The agent ecosystem amplifies the scale of risks and malicious behaviors. One subtle yet important risk is loss of visibility. When an agent acts, the merchant interacts with a layer of abstraction rather than the end user directly.
This raises challenging questions about intent. Is the action legitimate automation, a system error, human error, or malicious behavior? Traditional controls are not yet designed to verify identity and intent simultaneously.
The agent’s behavior is only as reliable as the data it consumes. Verifying the authenticity of that data—and the sources it comes from—is crucial, because the data creates the agent’s persona. Whatever flows into the decision engine shapes the decisions it makes.
“Data Zoo emphasizes vendor and data source due diligence,” said Anwar. “Before we onboard any data source for ID verification or KYC purposes, we conduct thorough due diligence on them, how the data was collected, how the data is maintained, how the data is updated, how the data is verified for accuracy.”
Different Risk for Different Situations
A one-size-fits-all approach won’t work in agentic AI, because not all agents or actions carry the same risk. Some decisions are low stakes. If Microsoft Copilot mismanages a schedule, a meeting can simply be rescheduled. But errors in customer onboarding fund transfers carry far higher stakes.
“You wouldn’t want to allow the transfer of significant amounts of money to businesses that haven’t been verified,” said Anwar. “You have to first conduct risk assessment of the services that you are offering. Based on that risk assessment, you have to decide what controls you have to put in place.”

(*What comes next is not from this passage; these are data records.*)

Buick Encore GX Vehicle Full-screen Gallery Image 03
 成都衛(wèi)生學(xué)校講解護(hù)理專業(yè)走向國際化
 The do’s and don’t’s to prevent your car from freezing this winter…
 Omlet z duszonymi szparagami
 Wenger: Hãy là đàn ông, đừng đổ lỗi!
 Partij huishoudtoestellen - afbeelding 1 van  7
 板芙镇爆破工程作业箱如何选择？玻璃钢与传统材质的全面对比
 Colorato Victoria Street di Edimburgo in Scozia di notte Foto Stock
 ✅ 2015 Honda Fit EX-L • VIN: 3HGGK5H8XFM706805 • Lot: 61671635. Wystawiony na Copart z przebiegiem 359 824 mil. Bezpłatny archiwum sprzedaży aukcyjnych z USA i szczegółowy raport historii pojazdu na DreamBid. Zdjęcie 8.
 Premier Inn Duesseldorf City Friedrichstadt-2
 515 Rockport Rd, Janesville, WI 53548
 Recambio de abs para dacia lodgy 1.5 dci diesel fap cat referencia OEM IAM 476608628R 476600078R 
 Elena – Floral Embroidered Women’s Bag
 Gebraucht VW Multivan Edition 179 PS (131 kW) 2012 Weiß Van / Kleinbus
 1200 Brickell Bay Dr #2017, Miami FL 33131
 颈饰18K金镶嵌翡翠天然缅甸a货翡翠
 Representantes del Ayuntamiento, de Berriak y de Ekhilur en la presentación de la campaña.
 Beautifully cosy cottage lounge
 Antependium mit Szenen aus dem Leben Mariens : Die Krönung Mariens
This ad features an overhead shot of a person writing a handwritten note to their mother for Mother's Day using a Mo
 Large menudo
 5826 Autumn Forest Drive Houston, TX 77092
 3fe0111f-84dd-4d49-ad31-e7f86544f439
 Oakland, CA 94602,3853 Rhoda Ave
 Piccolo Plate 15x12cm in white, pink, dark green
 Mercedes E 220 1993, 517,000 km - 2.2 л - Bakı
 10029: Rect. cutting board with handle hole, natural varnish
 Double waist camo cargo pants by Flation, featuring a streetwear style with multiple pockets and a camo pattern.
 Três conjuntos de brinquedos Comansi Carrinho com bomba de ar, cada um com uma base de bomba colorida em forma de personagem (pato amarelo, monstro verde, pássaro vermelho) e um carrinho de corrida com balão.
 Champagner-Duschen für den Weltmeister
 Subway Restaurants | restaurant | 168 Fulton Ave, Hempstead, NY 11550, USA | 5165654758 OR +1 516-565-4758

Goldberg added: “Maybe the verification of these AI agents will help us get away from some of the legacy thinking on the KYC side, where we’ve been very limited from a data perspective. All the data has been very siloed and there’s been a lot of privacy constraints, and that has limited a lot of what we’ve been able to verify.”
The first step toward a secure agent-driven ecosystem is for organizations to build strong data foundations and governance frameworks centered on trust. This means investing in access to authoritative data and strengthening due diligence processes, ensuring that both the agent and the data behind it can be trusted.
“Regardless of how advanced the technology is or AI becomes, the limiting factor will always be trust,” Anwar said. “And trust always come comes back to the quality, reliability, and the integrity of data that is being used to operationalize those agents.”